# [THE PROBLEM]
Exact reproduction of all the data is required, with pictures excluded.

Segment Start: SOURCE MATERIAL

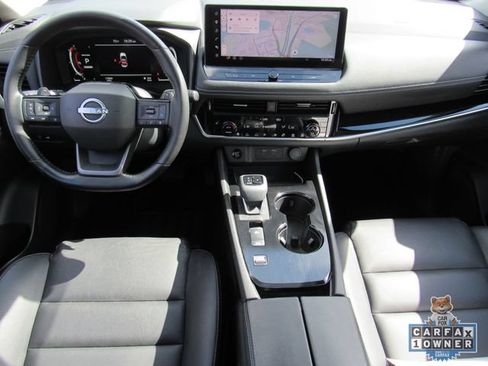 Certified 2025 Nissan Rogue SL w/ SL Premium Package FWD image 19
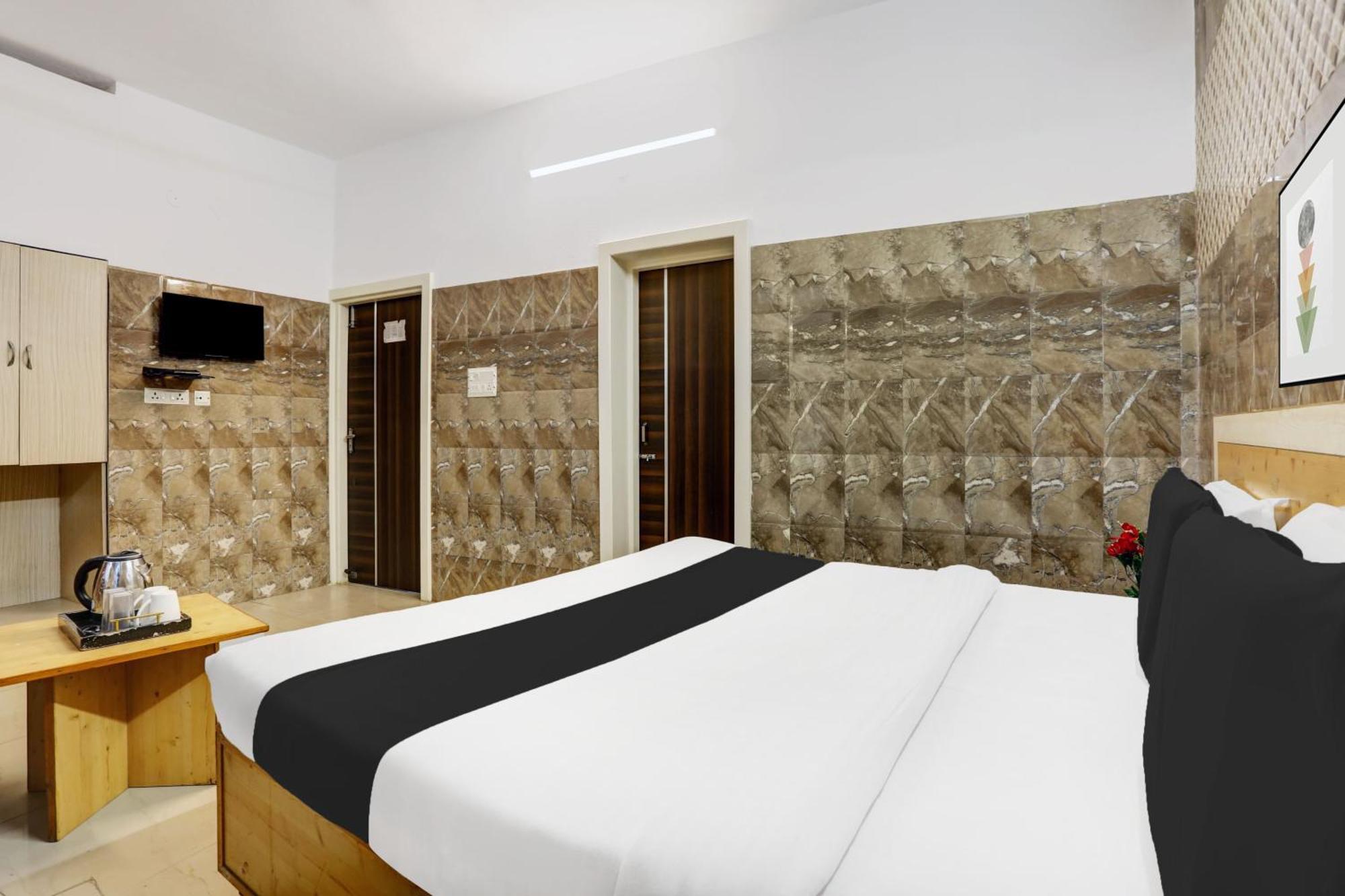 Hotel O Jammu Near Ragunath Bazaar Formerly Goodwill Ngoại thất bức ảnh
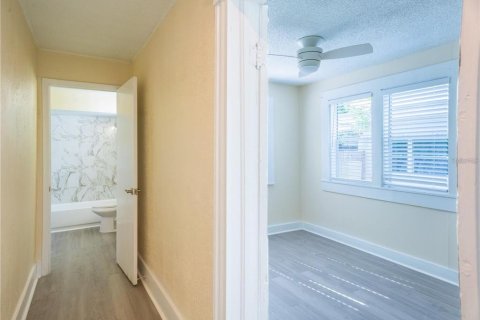 House in Winter Park, Florida 2 bedrooms, 69.58 sq.m. № 2205850 - photo 9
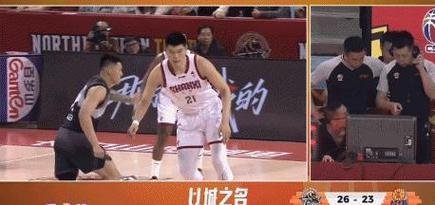 阿日没硬起来！曾繁日出战14分钟5中1仅拿2分&还有3犯规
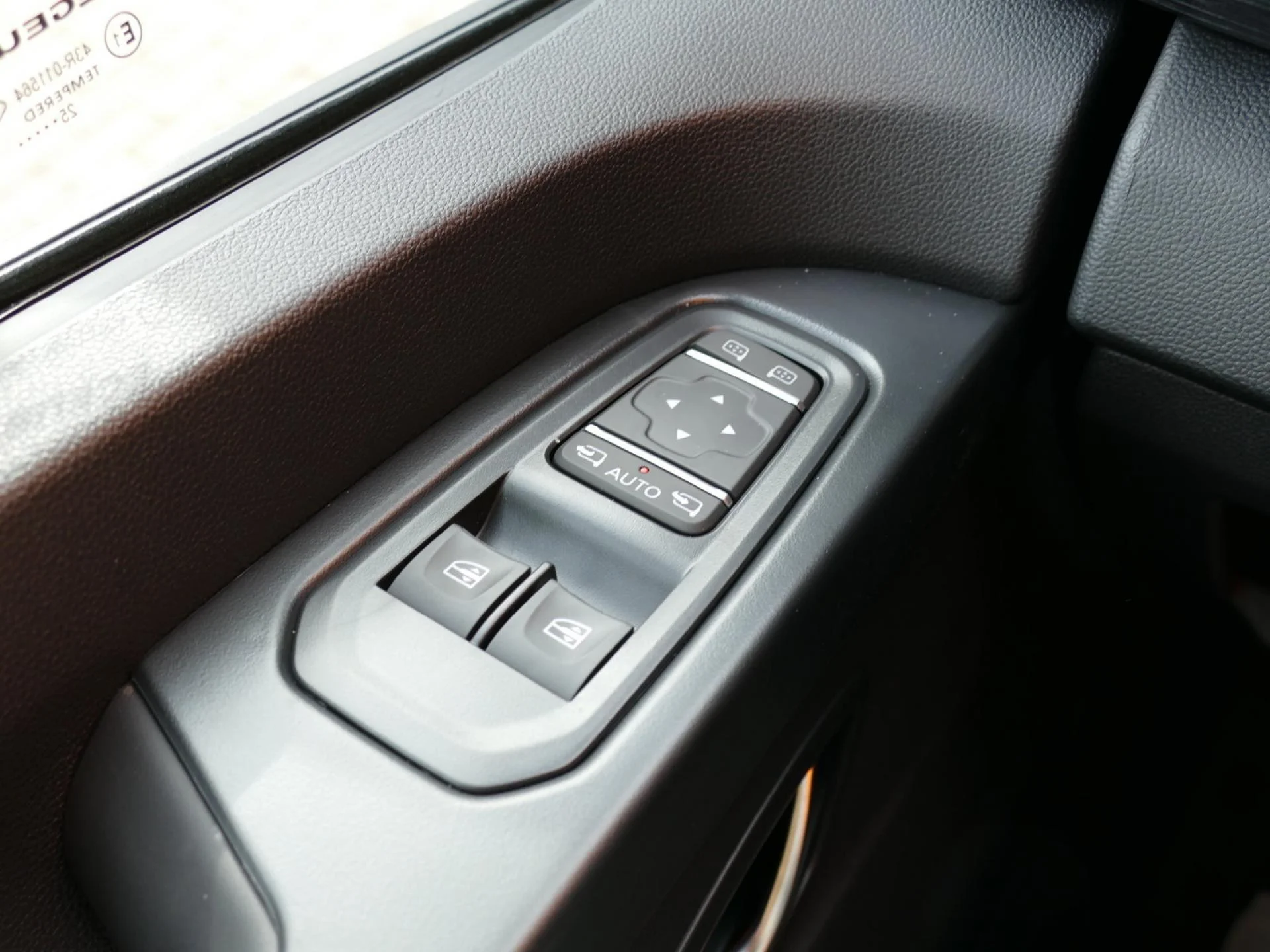 RENAULT TRAFIC - Miniature 23 sur 34 - Cliquer pour voir cette photo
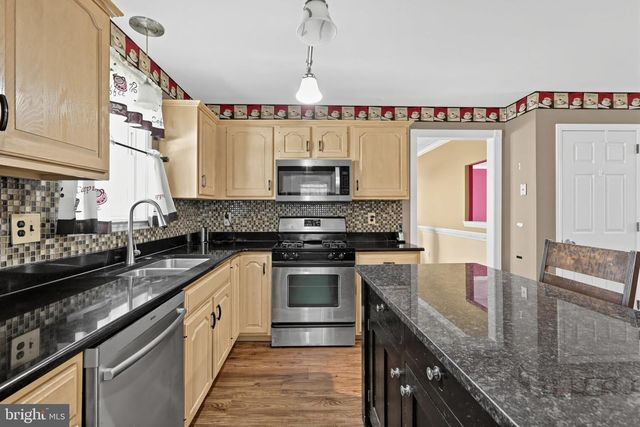 240 PARK AVE, Collegeville, PA 19426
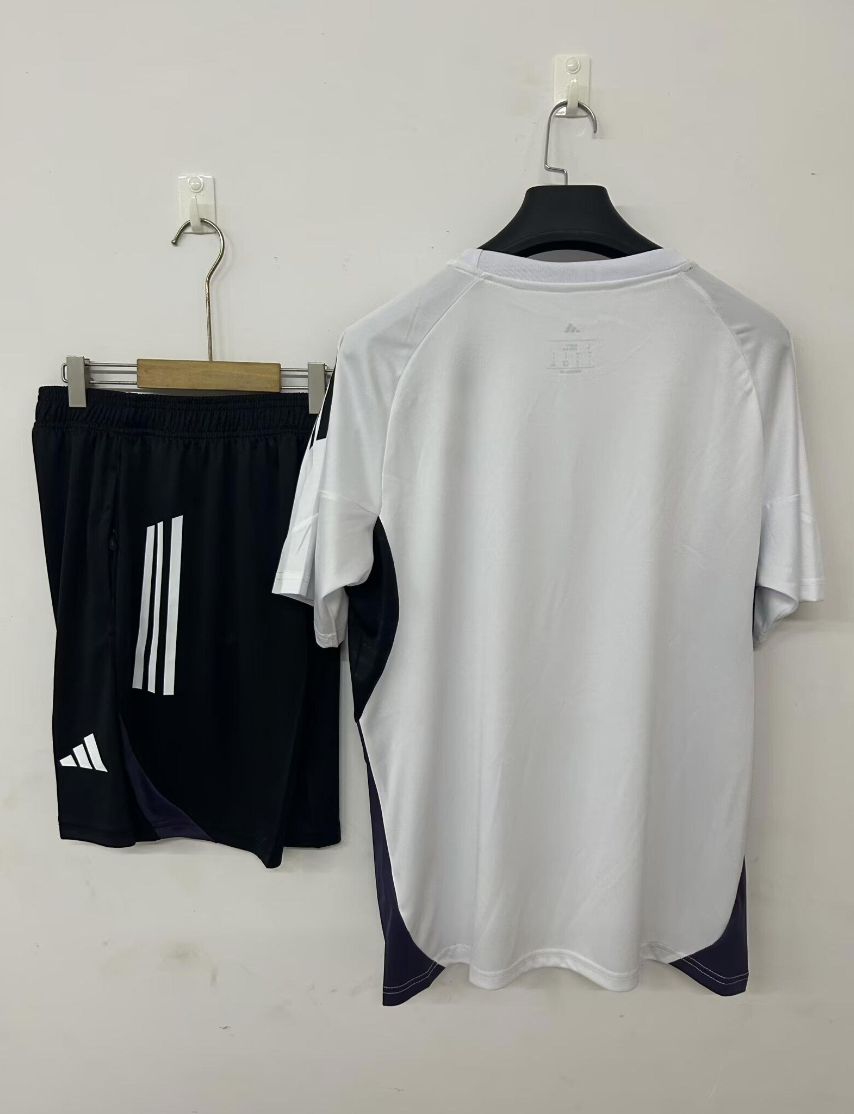 25/26 Manchester United Pre-Match Training Jersey White+ Shorts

Segment End: SOURCE MATERIAL

# [EXERCISE ANSWER]
 Certified 2025 Nissan Rogue SL w/ SL Premium Package FWD image 19
 Hotel O Jammu Near Ragunath Bazaar Formerly Goodwill Ngoại thất bức ảnh
 House in Winter Park, Florida 2 bedrooms, 69.58 sq.m. № 2205850 - photo 9
 阿日没硬起来！曾繁日出战14分钟5中1仅拿2分&还有3犯规
 RENAULT TRAFIC - Miniature 23 sur 34 - Cliquer pour voir cette photo
 240 PARK AVE, Collegeville, PA 19426
 25/26 Manchester United Pre-Match Training Jersey White+ Shorts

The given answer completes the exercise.